琴书应下后,便去找之前收好的人参了,沈云沁觑了眼外面院子里的晒书的司棋,勾了勾唇,沈云湘真当她是傻么?以为派个贴身丫头就能跟踪她不成?
等琴书寻出了人参,沈云沁接过看了两眼,这上好的老人参,给了那薛氏这般不知廉耻的人,还真是可惜了。不过眼下,还是大计要紧。
沈云沁觑了眼琴书,“走吧。”
琴书点点头,捧着托盘,跟着沈云沁出了门。
在院子里晒书的司棋见了沈云沁,赶紧过来见礼,“五姑娘。”
沈云沁点点头,轻声道:“等这些书晒好了,记着把先前晒得收回去,可不能晒怀了。”
“奴婢晓得。”
等司棋应下后,沈云沁勾了勾唇,带着琴书拐了个弯,去了另一边的芳菲苑。
芳菲苑里,锦屏正伺候着薛忻喝药,沈云沁进来的时候,这药方才咽下。
“五姑娘,”锦屏收了药晚,忙不迭同沈云沁见礼。
沈云沁点点头算是回应,随后面色担忧地走进了床榻,盈盈目光里满是忧心忡忡,“薛先生身子可好些了?”
床上的薛忻听了“先生”这个称呼,露出一抹不忍的苦笑,“难为五姑娘记挂,妾室当不起五姑娘这句先生。”
听了这话的沈云沁急急过去,一把握住了薛忻的手,眼里泪珠泫然若滴。
“先生说哪里话?自云沁从林州回来,一直得蒙先生教导,云湘自是感激不尽,先生说这话,莫不是看不上云沁这个学生?”
说着说着,沈云沁眼里的泪悄悄从眼角滑落。
“莫不是因为家中姊妹一直都是先生亲自教导,先生便只认家中姊妹才是自个学生?也是,云沁不过是个半路来的,到底是比不上家里其他姊妹。”
这话听着床上的薛忻一急,就要说话,奈何心口一阵翻涌,竟是憋不住咳了出来。
沈云沁迎头遭了这么一击,猝不及防,捏着帕子的手蓦地收紧,神色难看。
可瞧见薛忻渐渐咳得缓了些,沈云沁迅速收敛了情绪,轻轻拍着薛忻的背。
“先生若不愿承认云沁这个学生,云沁离开就罢了,只是,云沁这儿有根老参,但愿先生能全了云沁的心意收下它。”

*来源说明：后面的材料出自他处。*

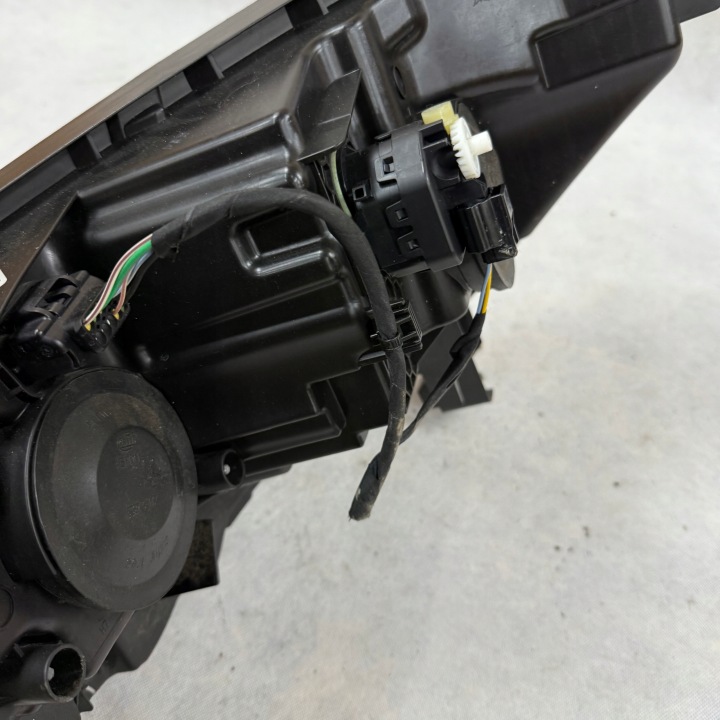 PHARE DROITE DROIT AVANT AVANT RENAULT SCENIC IV 260101685R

话说完了,沈云沁起身就要走,不曾想手腕上被一直冰凉的手握住。
沈云沁低头一看,握着她手腕的手,惨白地如同白纸。
面目都瘦得凹陷下去的薛忻,紧紧攥住了沈云沁的手,“咳咳,五姑娘,咳,我不是这个意思。”
沈云沁面色一松,同方才冲上来的锦屏一道,将薛忻扶起坐回床上。
薛忻紧紧握住沈云沁,嘴唇嗫嚅着,什么也没能说出来。
沈云沁回了薛忻一抹暖暖的笑,“我不走。”
等到薛忻平静下来,沈云沁已经接过锦屏递过来的茶杯,喝了起来。
“我不过是个行将就木的人,劳你费心了,”已经缓过来的薛忻靠在床上,朝着沈云沁扯出一抹笑来,“多谢五姑娘。”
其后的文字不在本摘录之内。